After finally posting my last update about ‘Industrialised Service Delivery’ yesterday I have been happily catching up with the intervening output of some of my favourite bloggers.
One post that caught my eye was a reference from Phil Wainwright – whilst he was talking about the VMForce announcement – to a post he had written earlier in the year about Microsoft’s partnership with Intuit. Essentially one of his central statements was related directly to the series of posts I completed yesterday (so part 1, part 2 and part 3):
“the breadth of infrastructure <required for SaaS> extends beyond the development functionality to embrace the entirely new element of service delivery capabilities. This is a platform’s support for all the components that go with the as-a-service business model, including provisioning, pay-as-you-go pricing and billing, service level monitoring and so on. Conventional software platforms have no conception of these types of capability but they’re absolutely fundamental to delivering cloud services and SaaS applications”.
This is one of the key points that I think is still – inexplicably – lost on many people (particularly people who believe that cloud computing is primarily about providing infrastructure as a service). In reality the whole world is moving to service models because they are simpler to consume, deliver clearer value for more transparent costs and can be shared across organisations to generate economies of scale. In fact ‘as a service’ models are increasingly not going to be an IT phenomenon but also going to extend to the way in which businesses deal with each other across organisational boundaries. For the sale and consumption of such services to work, however, we need to be able to ‘deliver’ them; in this context we need to be able to market them, make them easy to subscribe to, manage billing and service levels transparently for both the supplier and consumer and enable rapid change and development over time to meet the evolving needs of service consumers. As a result anyone who wants to deliver business capabilities in the future – whether these are applications or business process utilities – will need to be able to ensure that their offering exhibits all of these characteristics.
Interestingly these ‘business enablement’ functions are pretty generic across all kinds of software and services since they essentially cover account management, subscription, business model definition, rating and billing, security, marketplaces etc etc (i.e. all of the capabilities that I defined as being required in a ‘Service Delivery Platform’). In this context the use of the term ‘Service Delivery Platform’ in place of cloud or PaaS was deliberate; what next generation infrastructures need to do is enable people to deliver business services as quickly and as robustly as possible, with the platforms themselves also helping to ensure trust by brokering between the interests of consumers and suppliers through transparent billing and service management mechanisms.

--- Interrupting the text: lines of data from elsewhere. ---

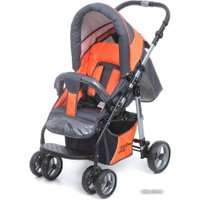 Коляска прогулочная «книга» Adbor Oskar Sport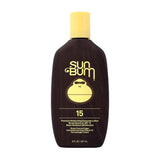 Sun Bum Original SPF 50 Sunscreen Body Lotion - Broad Moisturizing Sunscreen with Vitamin E - Hawaii 104 Act Compliant (Made without Octinoxate & Oxybenzone) - 8 oz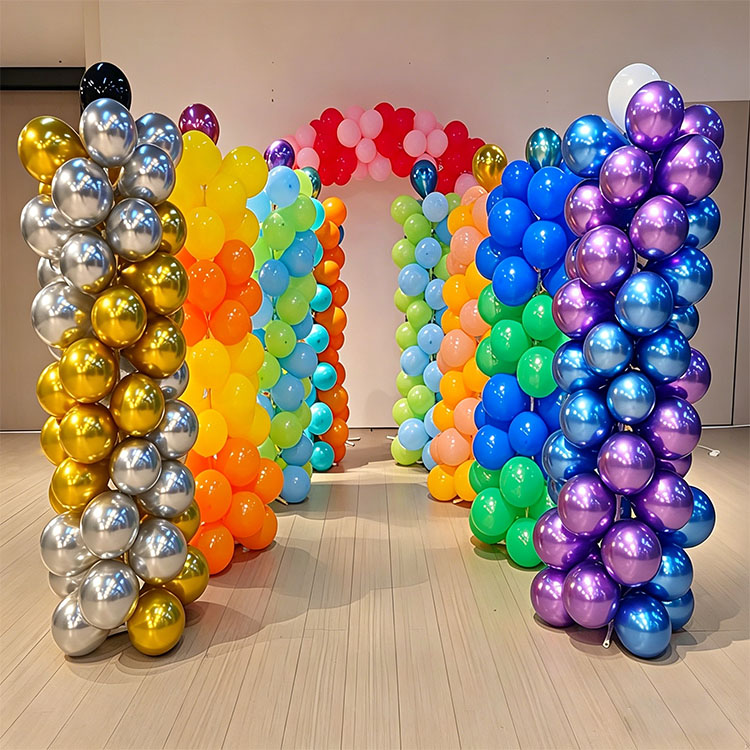 Diri Tiup Belon Diri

This belief in service delivery is one of the reasons I believe that the notion of ‘private clouds’ is an oxymoron – I found this hoary subject raised again on a Joe McKendrick post after a discussion on ebizQ – even without the central point about the obvious loss of economies of scale; essentially the requirement to provide a whole business enablement fabric to facilitate cross organisational service ecosystems – initially for SaaS but increasingly for organisational collaboration and specialisation – is just one of the reasons I believe that ‘Private Clouds’ are really just evolutions of on-premise architecture patterns – with all of the costs and complexity retained – and thus purely marketecture. When decreasing transaction costs are enabling much greater cross organisational value chains the benefits of a public service delivery platform are immense, enabling organisations to both scale and evolve their operations more easily whilst also providing all of the business support they need to offer and consume business services in extended value chains. Whilst some people may think that this is a pretty future-oriented reason to not like the notion of private clouds, for completeness I will also say that to me – in the sense of customer owned infrastructures – they are an anachronism; again this is just an extension of existing models (for good or ill) and nothing to do with ‘cloud’. It is only the fact that most protagonists of such models are vendors with very low level maturity offerings like packaged infrastructure and/or middleware solutions that makes it viable, since the complexity of delivering true private SDP offerings would be too great (not to mention ridiculously wasteful). In my view ‘private clouds’ in the sense of end organisation deployment is just building a new internal infrastructure (whether self managed or via a service company) sort of like the one you already already have but with a whole bunch of expensive new hardware and software (so 90% of the expense but only 10% of the benefits).
To temper this stance I do believe that there is a more subtle, viable version of ‘privacy’ that will be supported by ‘real’ service delivery platforms over time – that of having a logically private area of a public SDP to support an organisational context (so a cohesive collection of branded services, information and partner integrations – or what I’ve always called ‘virtual private platforms’). This differs greatly from the ‘literally’ private clouds that many organisations are positioning as a mechanism to extend the life of traditional hardware, middleware or managed service offerings – the ability of service delivery platforms to rapidly instantiate ‘virtual’ private platforms will be a core competency and give the appearance and benefits of privacy whilst also maintaining the transformational benefits of leveraging the cloud in the first place. To me literally ‘private clouds’ on an organisations own infrastructure – with all of their capital expense, complexity of operation, high running costs and ongoing drag on agility – only exist in the minds of software and service companies looking to extend out their traditional businesses for as long as possible.